┌─ Record set
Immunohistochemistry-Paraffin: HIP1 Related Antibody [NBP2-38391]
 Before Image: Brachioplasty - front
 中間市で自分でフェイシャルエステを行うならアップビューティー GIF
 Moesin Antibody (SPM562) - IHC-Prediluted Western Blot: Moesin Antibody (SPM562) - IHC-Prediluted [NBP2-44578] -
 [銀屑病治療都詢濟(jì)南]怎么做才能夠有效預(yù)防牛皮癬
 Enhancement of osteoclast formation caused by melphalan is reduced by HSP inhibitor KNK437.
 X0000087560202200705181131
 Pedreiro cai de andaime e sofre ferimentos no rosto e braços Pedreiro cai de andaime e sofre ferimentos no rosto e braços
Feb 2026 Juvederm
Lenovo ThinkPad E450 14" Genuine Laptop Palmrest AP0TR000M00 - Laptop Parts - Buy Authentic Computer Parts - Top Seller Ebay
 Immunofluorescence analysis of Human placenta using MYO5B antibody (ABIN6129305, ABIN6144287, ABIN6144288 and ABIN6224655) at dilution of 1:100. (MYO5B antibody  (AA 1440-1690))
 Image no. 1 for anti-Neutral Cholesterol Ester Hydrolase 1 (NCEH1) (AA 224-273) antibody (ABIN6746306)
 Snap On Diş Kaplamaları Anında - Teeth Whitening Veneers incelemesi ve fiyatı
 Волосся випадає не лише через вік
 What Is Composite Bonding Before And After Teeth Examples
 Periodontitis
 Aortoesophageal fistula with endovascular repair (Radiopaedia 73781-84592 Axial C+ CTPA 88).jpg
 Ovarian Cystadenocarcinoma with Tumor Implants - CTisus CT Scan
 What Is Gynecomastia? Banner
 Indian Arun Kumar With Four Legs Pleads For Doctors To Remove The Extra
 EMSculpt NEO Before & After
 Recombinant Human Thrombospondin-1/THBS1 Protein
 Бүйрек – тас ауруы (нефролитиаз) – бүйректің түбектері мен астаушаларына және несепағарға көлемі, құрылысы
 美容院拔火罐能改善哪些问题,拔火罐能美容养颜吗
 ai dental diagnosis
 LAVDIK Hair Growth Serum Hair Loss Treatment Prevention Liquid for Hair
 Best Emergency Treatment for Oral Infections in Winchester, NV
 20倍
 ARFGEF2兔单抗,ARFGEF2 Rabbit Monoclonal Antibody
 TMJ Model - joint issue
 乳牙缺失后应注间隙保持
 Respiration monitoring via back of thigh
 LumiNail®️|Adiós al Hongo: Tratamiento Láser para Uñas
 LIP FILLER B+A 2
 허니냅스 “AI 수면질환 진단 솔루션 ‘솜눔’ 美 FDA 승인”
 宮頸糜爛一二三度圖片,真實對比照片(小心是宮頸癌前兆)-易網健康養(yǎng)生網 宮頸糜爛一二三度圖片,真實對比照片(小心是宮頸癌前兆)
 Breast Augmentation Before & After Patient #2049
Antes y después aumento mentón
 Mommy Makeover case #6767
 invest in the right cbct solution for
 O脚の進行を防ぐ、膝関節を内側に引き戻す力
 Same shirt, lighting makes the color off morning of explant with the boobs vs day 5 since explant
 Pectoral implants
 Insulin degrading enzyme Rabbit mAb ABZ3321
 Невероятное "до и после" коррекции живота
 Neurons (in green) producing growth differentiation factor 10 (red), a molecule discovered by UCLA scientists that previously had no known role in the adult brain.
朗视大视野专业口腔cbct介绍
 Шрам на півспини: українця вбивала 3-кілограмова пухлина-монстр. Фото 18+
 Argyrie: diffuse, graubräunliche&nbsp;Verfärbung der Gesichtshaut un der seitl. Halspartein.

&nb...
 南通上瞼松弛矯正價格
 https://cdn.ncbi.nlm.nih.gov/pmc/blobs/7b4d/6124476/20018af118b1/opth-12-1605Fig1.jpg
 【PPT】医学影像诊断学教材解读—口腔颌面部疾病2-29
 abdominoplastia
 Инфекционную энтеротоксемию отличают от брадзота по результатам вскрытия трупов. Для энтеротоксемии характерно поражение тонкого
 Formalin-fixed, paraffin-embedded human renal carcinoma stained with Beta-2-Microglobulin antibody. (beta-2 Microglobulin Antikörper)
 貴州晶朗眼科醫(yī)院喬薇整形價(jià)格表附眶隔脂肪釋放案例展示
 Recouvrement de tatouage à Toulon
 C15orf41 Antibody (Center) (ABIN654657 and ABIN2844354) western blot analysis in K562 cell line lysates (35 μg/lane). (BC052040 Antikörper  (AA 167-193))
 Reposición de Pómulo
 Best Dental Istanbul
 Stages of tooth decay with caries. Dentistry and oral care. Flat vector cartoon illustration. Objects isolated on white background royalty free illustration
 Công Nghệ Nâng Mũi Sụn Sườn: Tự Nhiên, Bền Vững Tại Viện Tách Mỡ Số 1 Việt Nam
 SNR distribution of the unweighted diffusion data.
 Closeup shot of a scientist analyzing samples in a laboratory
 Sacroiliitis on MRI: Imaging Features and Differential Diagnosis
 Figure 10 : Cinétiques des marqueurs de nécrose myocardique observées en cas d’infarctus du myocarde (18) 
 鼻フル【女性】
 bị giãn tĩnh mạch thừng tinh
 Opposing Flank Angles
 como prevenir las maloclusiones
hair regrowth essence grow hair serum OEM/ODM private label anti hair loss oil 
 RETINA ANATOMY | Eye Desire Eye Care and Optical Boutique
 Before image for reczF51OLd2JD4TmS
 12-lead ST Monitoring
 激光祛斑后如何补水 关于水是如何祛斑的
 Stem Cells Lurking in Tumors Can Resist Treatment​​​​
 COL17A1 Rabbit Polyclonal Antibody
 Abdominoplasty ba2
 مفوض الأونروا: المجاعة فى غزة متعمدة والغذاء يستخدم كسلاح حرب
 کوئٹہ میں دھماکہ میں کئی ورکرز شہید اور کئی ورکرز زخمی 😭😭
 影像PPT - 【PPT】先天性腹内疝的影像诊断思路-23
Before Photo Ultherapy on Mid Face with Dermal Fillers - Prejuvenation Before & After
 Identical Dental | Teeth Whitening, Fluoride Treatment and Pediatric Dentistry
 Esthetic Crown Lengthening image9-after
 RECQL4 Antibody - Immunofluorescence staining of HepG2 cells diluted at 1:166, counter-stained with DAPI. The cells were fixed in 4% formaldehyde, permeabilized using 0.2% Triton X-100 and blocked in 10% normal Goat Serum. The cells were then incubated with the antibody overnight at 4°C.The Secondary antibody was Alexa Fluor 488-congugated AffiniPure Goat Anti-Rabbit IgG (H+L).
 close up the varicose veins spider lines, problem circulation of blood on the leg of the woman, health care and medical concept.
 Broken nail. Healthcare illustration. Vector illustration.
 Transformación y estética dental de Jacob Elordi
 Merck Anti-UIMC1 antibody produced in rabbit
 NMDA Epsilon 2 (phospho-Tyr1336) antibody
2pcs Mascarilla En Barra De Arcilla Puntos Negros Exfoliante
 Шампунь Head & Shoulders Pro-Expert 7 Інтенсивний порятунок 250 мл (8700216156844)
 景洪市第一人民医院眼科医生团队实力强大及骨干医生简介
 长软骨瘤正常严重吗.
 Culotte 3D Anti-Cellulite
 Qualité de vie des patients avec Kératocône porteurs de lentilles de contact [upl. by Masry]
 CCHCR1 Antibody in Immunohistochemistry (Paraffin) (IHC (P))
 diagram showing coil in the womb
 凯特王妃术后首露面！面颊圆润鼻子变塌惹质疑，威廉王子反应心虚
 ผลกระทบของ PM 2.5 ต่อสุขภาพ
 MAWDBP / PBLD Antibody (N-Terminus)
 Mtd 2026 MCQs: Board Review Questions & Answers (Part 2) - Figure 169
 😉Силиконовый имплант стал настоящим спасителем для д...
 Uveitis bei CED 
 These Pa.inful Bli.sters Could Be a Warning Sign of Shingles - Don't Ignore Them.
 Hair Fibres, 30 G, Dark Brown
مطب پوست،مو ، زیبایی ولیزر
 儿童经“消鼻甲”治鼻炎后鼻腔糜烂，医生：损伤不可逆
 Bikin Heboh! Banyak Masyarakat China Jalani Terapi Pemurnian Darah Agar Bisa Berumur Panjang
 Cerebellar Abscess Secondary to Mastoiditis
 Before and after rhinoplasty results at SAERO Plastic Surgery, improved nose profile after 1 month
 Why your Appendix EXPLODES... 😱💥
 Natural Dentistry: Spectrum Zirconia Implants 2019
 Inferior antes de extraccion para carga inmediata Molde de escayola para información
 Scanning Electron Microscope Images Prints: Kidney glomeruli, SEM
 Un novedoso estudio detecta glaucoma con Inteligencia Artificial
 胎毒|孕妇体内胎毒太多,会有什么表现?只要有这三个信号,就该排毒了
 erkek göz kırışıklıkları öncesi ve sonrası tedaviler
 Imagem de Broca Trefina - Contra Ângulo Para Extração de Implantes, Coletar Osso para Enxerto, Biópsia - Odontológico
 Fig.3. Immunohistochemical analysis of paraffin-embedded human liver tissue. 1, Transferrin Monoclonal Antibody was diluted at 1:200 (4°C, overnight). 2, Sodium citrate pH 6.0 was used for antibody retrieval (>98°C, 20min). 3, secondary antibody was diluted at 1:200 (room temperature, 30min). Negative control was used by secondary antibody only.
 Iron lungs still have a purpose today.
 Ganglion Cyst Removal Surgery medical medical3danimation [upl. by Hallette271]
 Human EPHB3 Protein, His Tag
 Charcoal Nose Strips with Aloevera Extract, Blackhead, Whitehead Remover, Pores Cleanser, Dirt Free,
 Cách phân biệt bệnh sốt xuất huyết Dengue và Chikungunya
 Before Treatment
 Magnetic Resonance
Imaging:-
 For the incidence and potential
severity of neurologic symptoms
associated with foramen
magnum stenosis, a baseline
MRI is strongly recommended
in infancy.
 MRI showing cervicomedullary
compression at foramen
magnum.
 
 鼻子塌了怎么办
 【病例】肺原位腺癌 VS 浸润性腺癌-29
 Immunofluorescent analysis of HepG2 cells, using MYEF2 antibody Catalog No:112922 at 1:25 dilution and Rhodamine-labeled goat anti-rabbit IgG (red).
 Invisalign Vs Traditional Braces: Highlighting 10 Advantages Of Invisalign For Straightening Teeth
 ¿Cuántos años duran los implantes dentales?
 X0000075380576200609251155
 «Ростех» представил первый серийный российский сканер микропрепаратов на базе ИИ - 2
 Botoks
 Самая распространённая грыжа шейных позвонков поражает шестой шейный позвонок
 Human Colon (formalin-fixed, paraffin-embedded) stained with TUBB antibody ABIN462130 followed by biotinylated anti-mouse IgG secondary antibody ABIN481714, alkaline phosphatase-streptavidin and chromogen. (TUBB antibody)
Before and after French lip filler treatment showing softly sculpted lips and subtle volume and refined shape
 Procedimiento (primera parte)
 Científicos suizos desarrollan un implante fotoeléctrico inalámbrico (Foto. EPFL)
└─
All that belongs in the answer is the run of lines above from the line containing "Pectoral implants" through the line containing "Инфекционную энтеротоксемию отличают", exactly as written.

### [Final answer]
 Pectoral implants
 Insulin degrading enzyme Rabbit mAb ABZ3321
 Невероятное "до и после" коррекции живота
 Neurons (in green) producing growth differentiation factor 10 (red), a molecule discovered by UCLA scientists that previously had no known role in the adult brain.
朗视大视野专业口腔cbct介绍
 Шрам на півспини: українця вбивала 3-кілограмова пухлина-монстр. Фото 18+
 Argyrie: diffuse, graubräunliche&nbsp;Verfärbung der Gesichtshaut un der seitl. Halspartein.

&nb...
 南通上瞼松弛矯正價格
 https://cdn.ncbi.nlm.nih.gov/pmc/blobs/7b4d/6124476/20018af118b1/opth-12-1605Fig1.jpg
 【PPT】医学影像诊断学教材解读—口腔颌面部疾病2-29
 abdominoplastia
 Инфекционную энтеротоксемию отличают от брадзота по результатам вскрытия трупов. Для энтеротоксемии характерно поражение тонкого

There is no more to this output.